By combining these, we found the derivative: \(f'(t) = -2 \sin t + 2 \cos 2t\). Derivatives are essential for many applications, especially in finding critical points, which leads us to the next concept.

Critical points of a function occur where the first derivative equals zero or is undefined. These points are where the function could potentially have a local maximum, minimum, or point of inflection. To find the critical points of the function \(f(t) = 2 \cos t + \sin 2t\), we set the derivative \(f'(t) = -2 \sin t + 2 \cos 2t\) equal to zero.

• Solving this equation helps us understand where the function's slope changes.
• These points are candidates for local extremities, necessary to determine absolute maximum or minimum within a closed interval.

In our case, simplifying the equation involved trigonometric identities and solving a quadratic equation which ultimately allowed us to find the angles at which these critical points occur.
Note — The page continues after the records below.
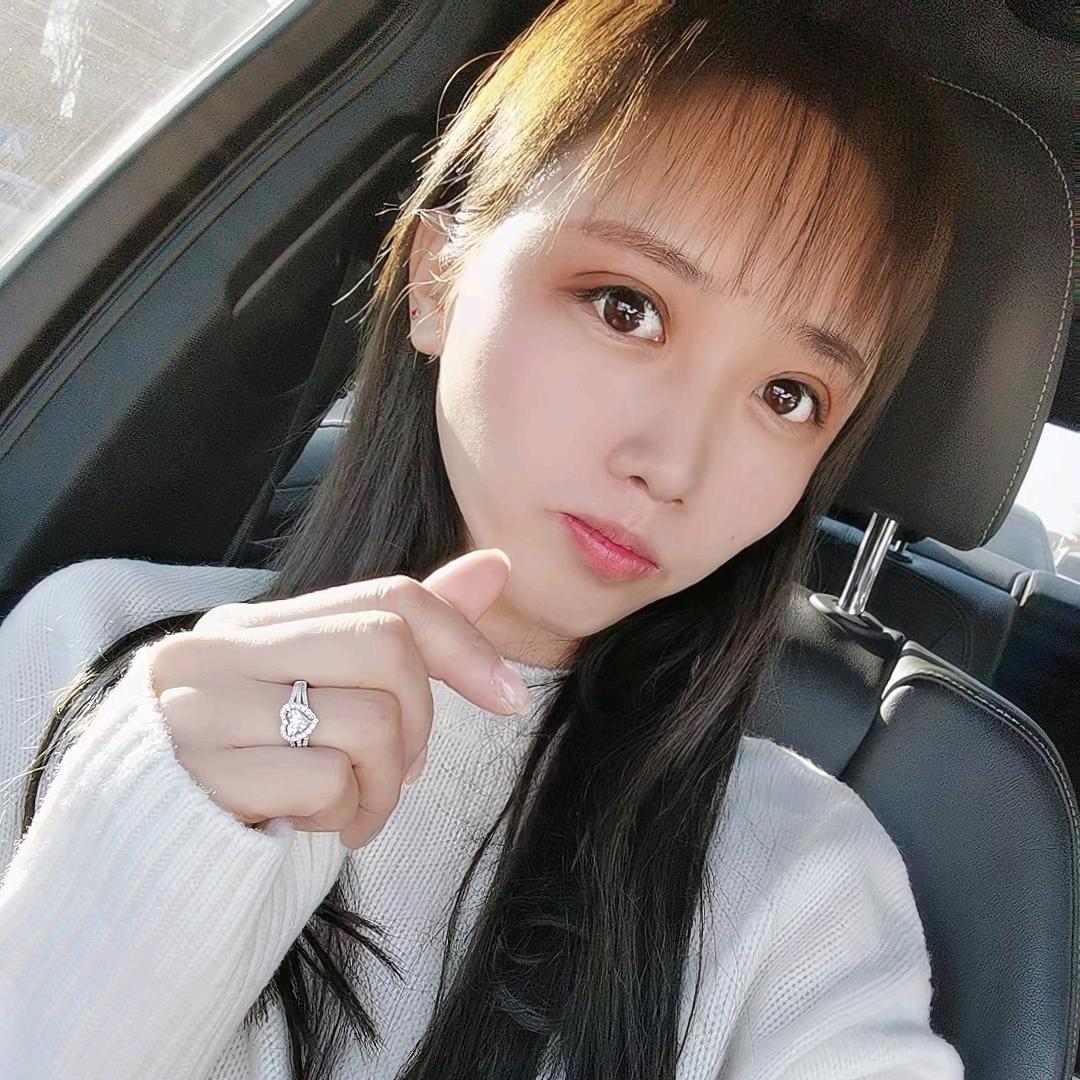 H谁的雪宝儿呀！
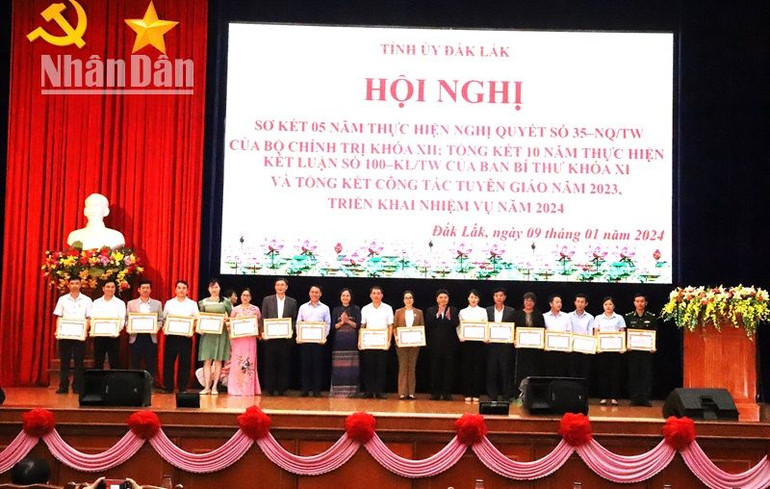 Trao tặng Bằng khen của Tỉnh ủy Đắk Lắk cho các cá nhân có thành tích xuất sắc trong thực hiện Nghị quyết số 35-NQ/TW của Bộ Chính trị. Trao tặng Bằng khen của Tỉnh ủy Đắk Lắk cho các cá nhân có thành tích xuất sắc trong thực hiện Nghị quyết số 35-NQ/TW của Bộ Chính trị.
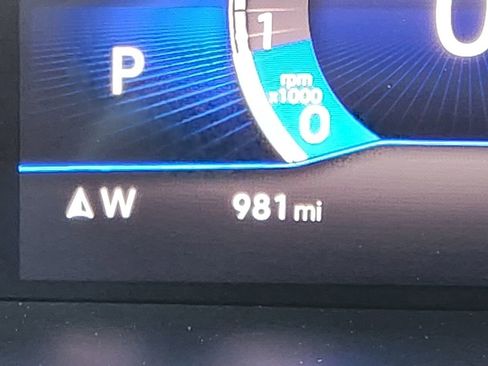 Certified 2025 Volkswagen Jetta SE w/ Sunroof Package image 20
Quadratic equations appear frequently in calculus, especially when dealing with critical points. A quadratic equation is of the form \(ax^2 + bx + c = 0\). In our problem, after substituting \(u = \sin t\), we derived the equation \(2u^2 + u - 1 = 0\). This required us to use the quadratic formula
\[ u = \frac{-b \pm \sqrt{b^2 - 4ac}}{2a} \]
where \(a = 2\), \(b = 1\), and \(c = -1\). Solving this equation gives us solutions for \(\sin t\).

• It is crucial to ensure the solutions make sense within the context, as not all solutions may fit the domain of the trigonometric functions.
• With the quadratic formula, we filter out solutions that don't pertain to our problem, like \(u = -1\), since this was outside the range of sine values in our interval.

Understanding quadratic equations and how to manipulate them is vital for solving such calculus problems.

Trigonometric functions like sine and cosine are periodic functions that describe oscillatory behavior, and they play a vital role in calculus. In the problem at hand, the function \(f(t) = 2 \cos t + \sin 2t\) involves these functions.

• The cosine function, \(\cos t\), measures the horizontal component of a unit circle at angle \(t\).
• The sine function, \(\sin t\), measures the vertical component of the same circle.
• The double-angle identity, used in simplifying \(\cos 2t = 1 - 2 \sin^2 t\), is essential for transforming equations.

These characteristics are crucial, as they allow us to manipulate and solve problems involving these types of functions by leveraging their properties and identities. Understanding these functions' behaviors aids in evaluating the function at key points and identifying maximum and minimum values.